How Unlucky am I?
Written 08-27-2024
Introduction
As mentioned in a few other places around this website, the things in life that have caught my interest the most are those with a large, but finite, set of possibilities guided by seemingly arbitrary constraints. In my post about ADV Draft, I bring up a few examples: Century Pong, card games like Hearts, and, of course, ADV Draft itself. Baseball falls somewhat neatly into this box -- the game itself is guided by a set of arbitrary rules that present a finite set of possibilities.
Every baseball that has ever left a bat can be quantified by a few numbers: launch angle and exit velocity. If we want to advance further, we can look at the angle compared to the center field line and the temperature and density of the air the ball cuts through. Every pair of numbers within these coordinates has the ball landing in a specific spot, leading to baseball almost being a deterministic game.
Almost, however, is the key word here. Fielder positioning and the fielders themselves are prone to error and create the excitement often seen in baseball. Batter sprint speed and baserunning ability adds more variables -- two baseballs with the same coordinates mentioned above in the same ballpark can have different results. Hitting itself is also not deterministic, even though pitching is once the ball leaves the pitcher’s hand. Some of the most exciting moments off the mound in all of baseball are the battles of batter versus baseball, hurled from one fielder to another, in a dead heat to a base. On it, a hitter getting put on one knee by a wicked pitch or the triumph of a great hitter in a tough matchup, like Barry Bonds getting the best of Eric Gagne in that famous at-bat, help close the loop on a truly fascinating game.

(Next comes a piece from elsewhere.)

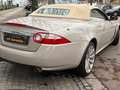 Jaguar XK XK 4.2 Cabriolet Traumzustand Service NEU Beige - thumbnail 17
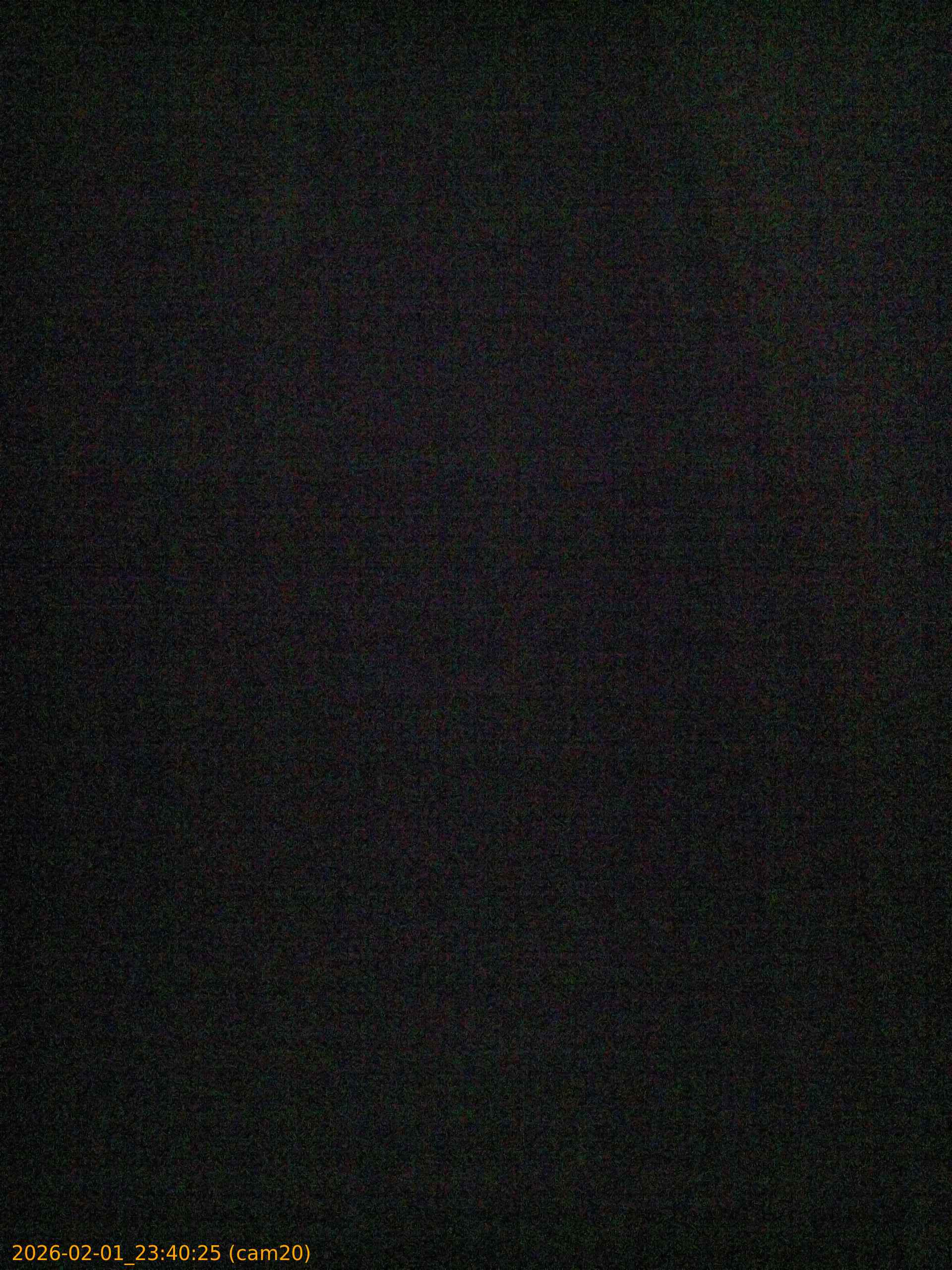 thumbnail_20260201234025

These diverse and exciting moments can, however, be boiled down into outcomes. Baseball is a game with rigid scoring. Millions of the coordinate pairs mentioned above are always home runs. Millions of plays with slightly different fielder positioning and ball landing spot have resulted in doubles. No matter how many pitches it takes or hits and walks are allowed, if a game ends with a team scoring zero runs it is a shutout. Some of these outcomes, of course, are much rarer than others -- at the time of writing, according to Baseball Reference (which we’ll be leaning on pretty heavily during the course of this post), there’s been over 414,000 double plays, but only 736 triple plays in MLB history according to SABR’s Triple Plays Database. There’s been 24 (although it should be 25) perfect games, and 325 no-hitters (although it should be 326).
Armando Galarraga’s 28-out perfect game should be rewritten as a perfect game. This is no secret and not up for debate outside of the worry about altering history. Everyone who has seen the play, including umpire Jim Joyce, knows the call was blown. However, the 326 comment I made earlier is an opinion I hold on my own and not at all based in fact (every call was correct).

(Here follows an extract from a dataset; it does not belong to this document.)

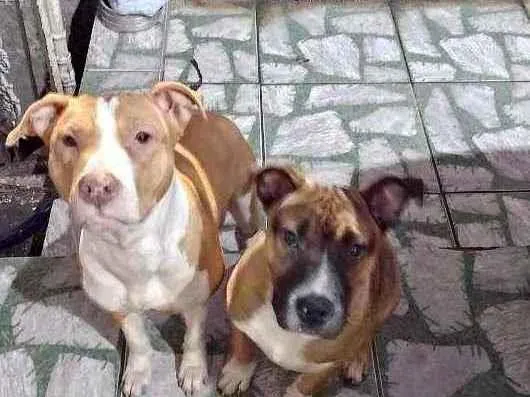 Cachorro ra a Pit Bull idade 1 ano nome Nala e Bradock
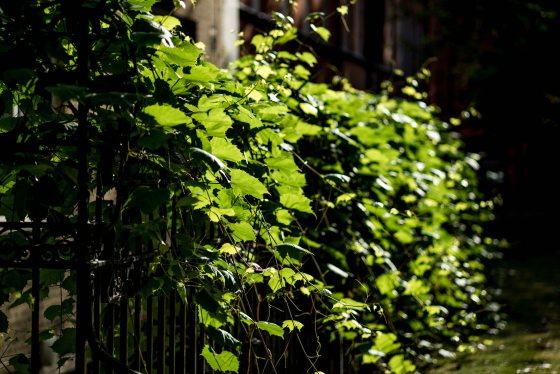 the bright morning sun made even the most ordinary green leaves glow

When I visited Globe Life Field to watch the Astros take on the Rangers, I witnessed Astros' pitcher Framber Valdez pitch a 26-out no-hit bid. The 27th out, Josh Smith, came up to bat, the count went full, the 3-2 pitch was thrown... and a walk was issued. The next batter, Corey Seager, hit a no doubt, 30/30 home run on the next pitch. No-hit bid ruined. I would love nothing more than to witness a no-hitter someday, and I came quite literally as close as I possibly could to witnessing one without doing so: one strike away. At that time, I could only think: How unlucky am I?
Let's Quantify It!
First, I want to expressly state that this is an exploration into probability. I’m not considering several variables that very likely contributed to the situation such as pitch count, fatigue, weather conditions, times through the lineup, etc. I am solely considering the number of games in which something occurs against the entire sample of historical MLB games. Second, I am treating the probability of this happening to me as a series of independent events for the purposes of this exercise. By virtue of Valdez pitching for both Corey Seager’s home run and Josh Smith’s walk, these events are not fully and truly independent. Third, the historical sample of MLB games I will compare against is the live ball era outside of the current season: 1920 to 2023, with data from Sports Reference and Retrosheet. This is a sample of 183,857 regular-season games. Finally, the analysis I’m doing does not take eras into account -- different events are going to have different likelihoods of occurring in different eras. However, with a collective sample of over one-hundred years of baseball, these fluctuations in probability come out in the wash.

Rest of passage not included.